Programme 2013 : Explication de texte

> Mme de Sévigné - Lettres de l'année 1671

pp. 309-311 « Aux Rochers... fasse pas réponse aujourd'hui»

Explication de texte      

 

INTRODUCTION

Situation

La lettre 81 est datée du 16 septembre 1671 : c’est la fin de l’été aux Rochers, résidence de la famille de Sévigné, près de Vitré en Bretagne. Cette lettre 81 apparait comme le prolongement de la lettre 80 dans laquelle la marquise déjà en proie à un certain « chagrin de l’esprit » fait un long développement sur la perte des lettres de sa fille.

 

Sujet

A la date où Mme de Sévigné écrit cette lettre, les Etats de Bretagne viennent de se terminer. Ces Etats étaient l’occasion d’une réunion de toute la noblesse bretonne et de nombreuses mondanités. Avec la fin des Etats, il y a moins matière à raconter et la marquise se retrouve donc confrontée à une terrible « disette de sujets » (cf. p. 253).
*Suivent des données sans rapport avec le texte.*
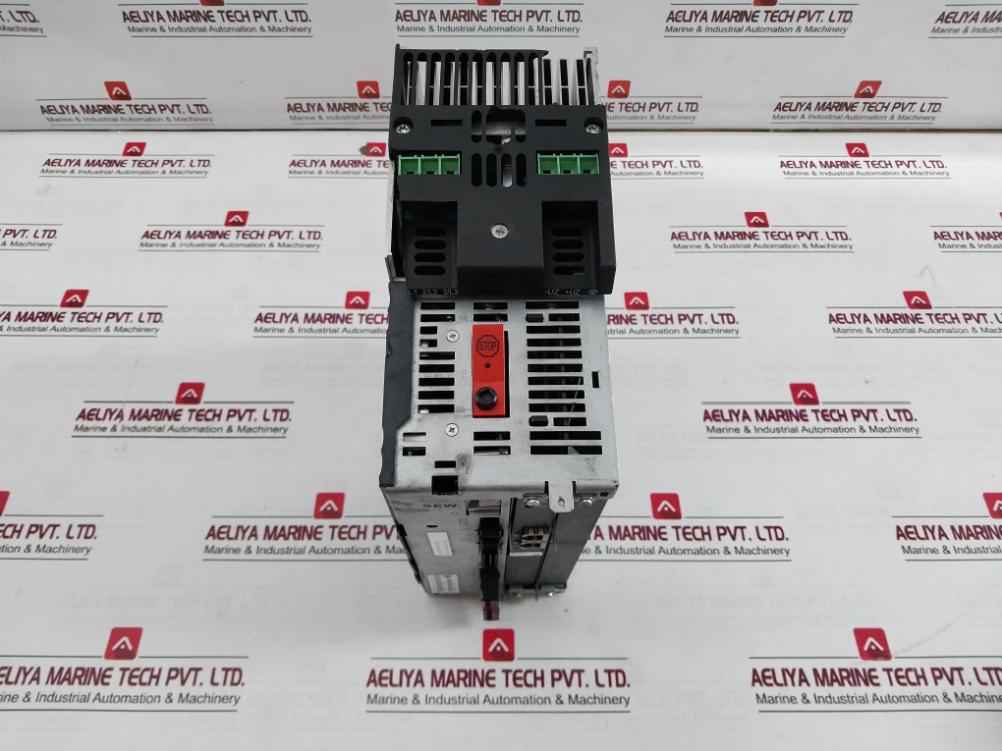 Sew Eurodrive Mdx61B0055-5A3-4-00 Movidrive Inverter 08249571 Ip20 Ac 3X380-500V
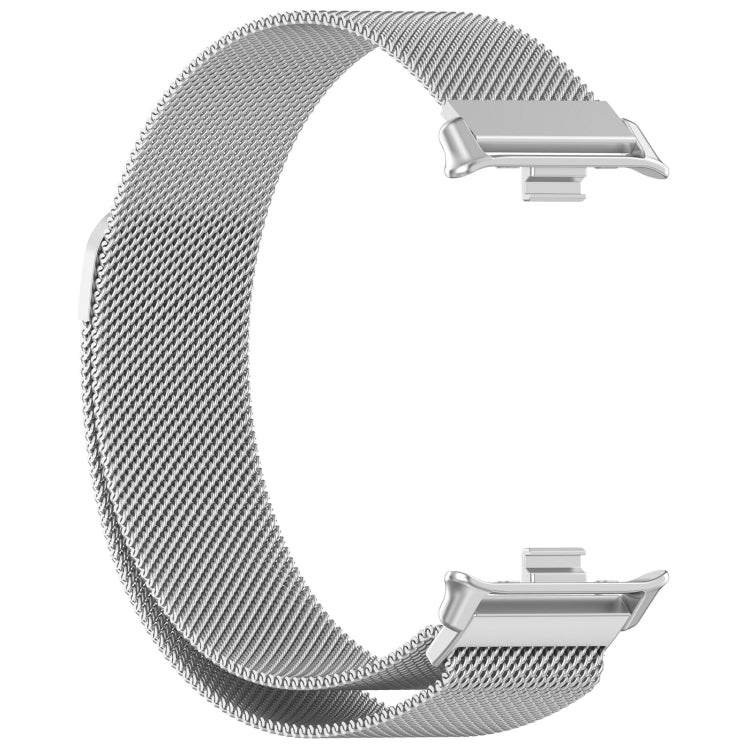 For vivo Watch GT Milan Stainless Steel Watch Band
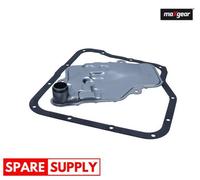 HYDRAULIC FILTER, AUTOMATIC TRANSMISSION FOR SUBARU FORESTER MAXGEAR 26-1691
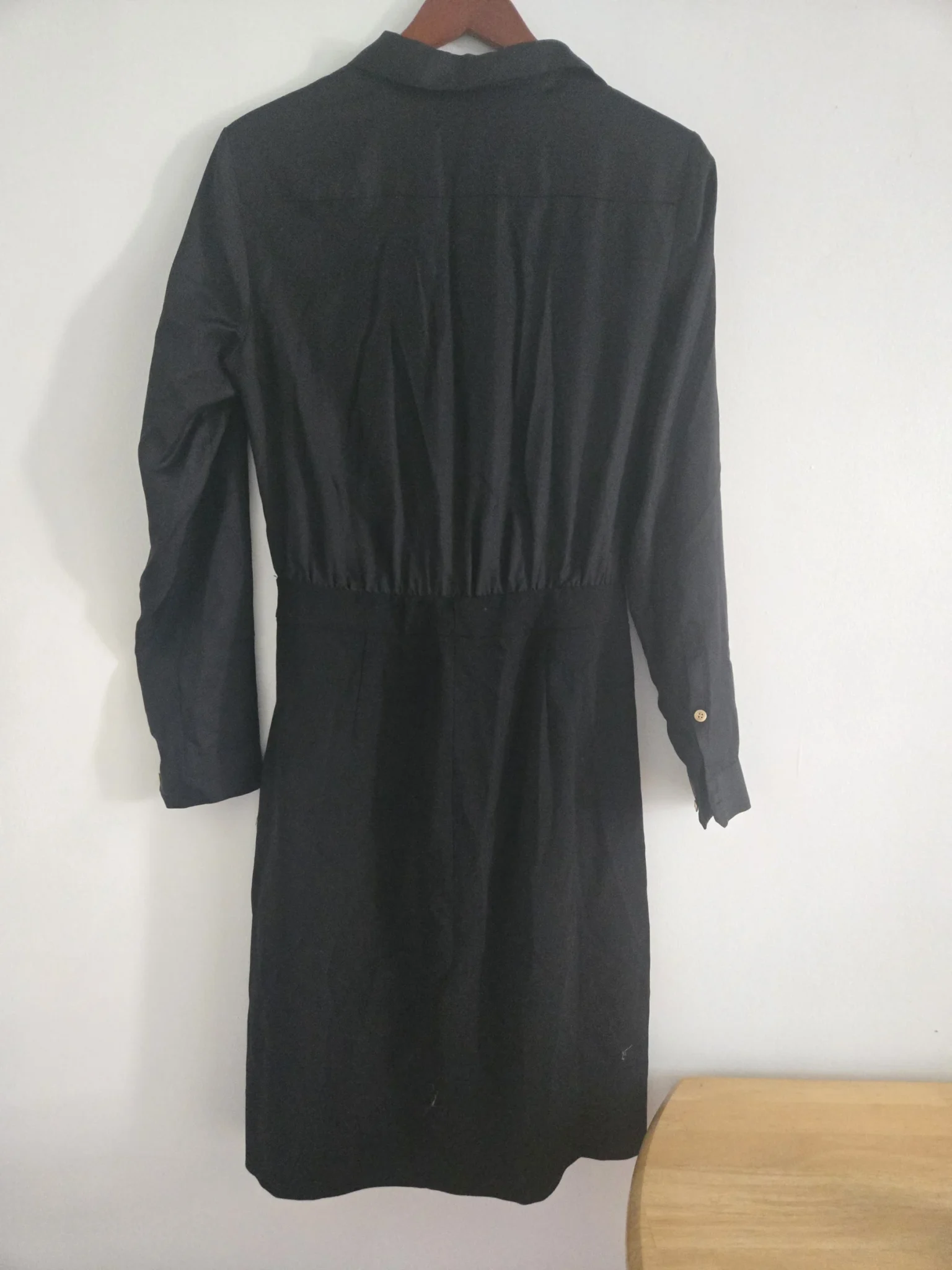 Image for Diane von Furstenberg robe soie et laine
La lettre 81 , marquée par une certaine pauvreté du contenu informatif, est donc  de tonalité élégiaque, essentiellement vouée à l’expression des sentiments .

 

Lecture

 

Composition et remarques

- Le 1er paragraphe du texte est un bulletin de l’humeur de la marquise.

- Le 2ème paragraphe exprime des inquiétudes à propos de la santé de Mme de Grignan et d’un éventuel silence de sa part. Ces deux premiers paragraphes possèdent donc chacun une relative unité.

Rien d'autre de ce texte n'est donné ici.